Most of what I covered in Storage Basics Parts 1 through 5 was at a very elementary level. The math I used to do IOPS calculations, for example, is only true under very certain conditions. RAID controllers implement caching and other techniques that skew the simple math that I provided. I mentioned that the type of interface that you ought to use on your storage array should not be randomly chosen. In fact, choosing the right array with the appropriate components and characteristics can only be done when you enlighten your decision with a characterization of workloads it will be running.
The character of your storage workload can be broken down into several traits – random vs. sequential I/O, large vs. small I/O request size, read vs. write ratio, and degree of parallelism. The traits of your particular workload dictate how it interacts with the components of your storage system and ultimately determine the performance of your environment under a given configuration. There is an excellent whitepaper available from VMware entitled “Easy and Efficient Disk I/O Workload Characterization inVMware ESX Server” that is authoritative on this subject. If you want to get down and dirty with the topic, it’s a good read. I’m aiming for something a bit less academic. With that said, let’s break down workload characterization a bit so as to better understand how it will impact your real-world systems.
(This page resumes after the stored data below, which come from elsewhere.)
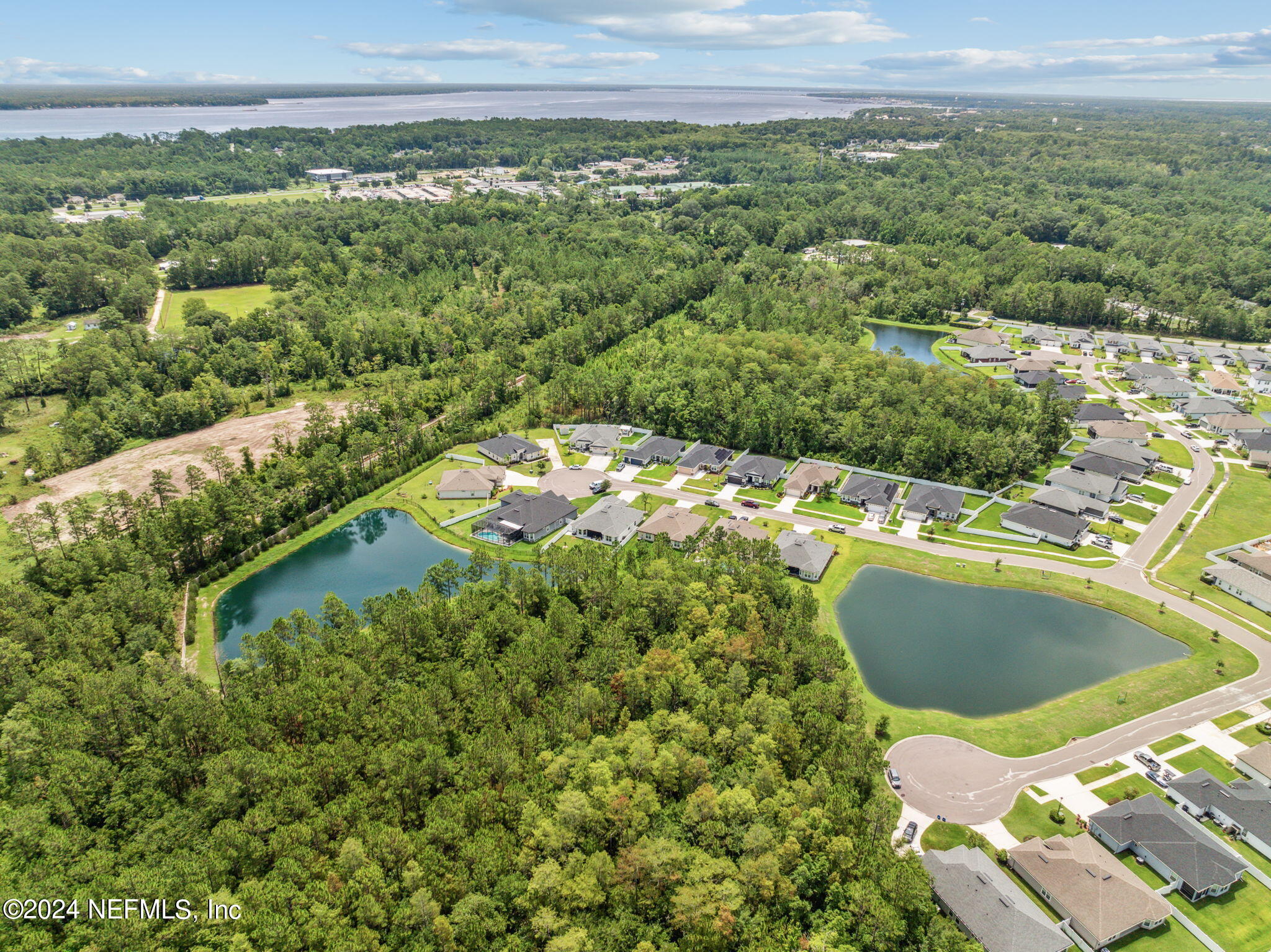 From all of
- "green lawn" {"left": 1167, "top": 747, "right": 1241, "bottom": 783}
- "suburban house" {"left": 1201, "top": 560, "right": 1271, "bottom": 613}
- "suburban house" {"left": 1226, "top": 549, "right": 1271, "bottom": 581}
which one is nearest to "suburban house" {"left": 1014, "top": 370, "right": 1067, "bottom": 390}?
"suburban house" {"left": 1226, "top": 549, "right": 1271, "bottom": 581}

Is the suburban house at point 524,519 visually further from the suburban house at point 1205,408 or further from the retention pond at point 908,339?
the suburban house at point 1205,408

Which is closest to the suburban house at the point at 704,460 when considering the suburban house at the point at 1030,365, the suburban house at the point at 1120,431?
the suburban house at the point at 1120,431

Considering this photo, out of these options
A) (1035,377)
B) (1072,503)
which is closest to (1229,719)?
(1072,503)

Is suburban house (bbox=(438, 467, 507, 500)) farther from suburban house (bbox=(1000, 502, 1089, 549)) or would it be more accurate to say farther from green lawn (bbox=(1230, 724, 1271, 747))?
green lawn (bbox=(1230, 724, 1271, 747))

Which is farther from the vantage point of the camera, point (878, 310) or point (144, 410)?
point (878, 310)

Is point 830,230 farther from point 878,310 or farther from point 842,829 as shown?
point 842,829

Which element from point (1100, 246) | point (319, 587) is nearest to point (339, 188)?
point (319, 587)

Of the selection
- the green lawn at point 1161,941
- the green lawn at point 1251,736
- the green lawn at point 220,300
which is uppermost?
the green lawn at point 220,300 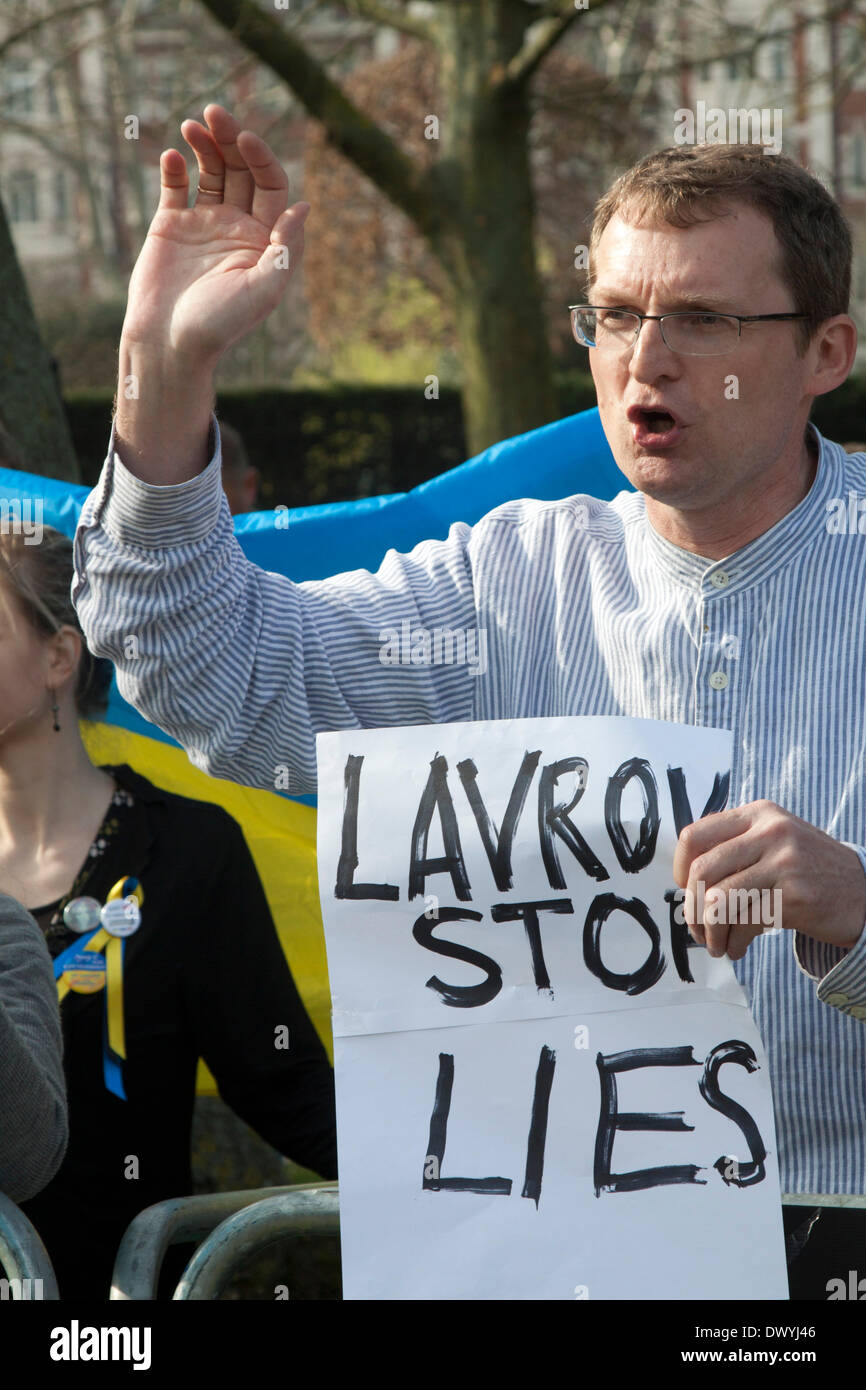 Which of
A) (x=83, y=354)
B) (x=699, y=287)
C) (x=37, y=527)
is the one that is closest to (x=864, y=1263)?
(x=699, y=287)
Random vs. Sequential Access
In Part II of this series we looked at the formula for calculating IOPS capabilities for a single disk. That formula goes something like this:
IOPS = 1000/(Seek Latency + Rotational Latency)
You’ll recall that we divide into 1000 to remove milliseconds from the equation, leaving (Seek Latency + Rotational Latency) as the important part of the equation. Rotational latency is based on the spindle speed of the disk – 7.2k, 10k, or 15k RPM for standard server or SAN disks. If we consider the same Seagate Cheetah 15k drive from Part II, we see that rotational latency is 2.0ms. The only way to change rotational latency is to buy faster (or slower) disks. This essentially leaves seek latency as the only variable that we can “adjust”. You’ll also recall that seek latency was the larger of the latencies (3.4ms for read seeks, and 3.9ms for write seeks) and counts more against IOPS capability than does rotational latency. Seeking is the most expensive operation in terms of performance.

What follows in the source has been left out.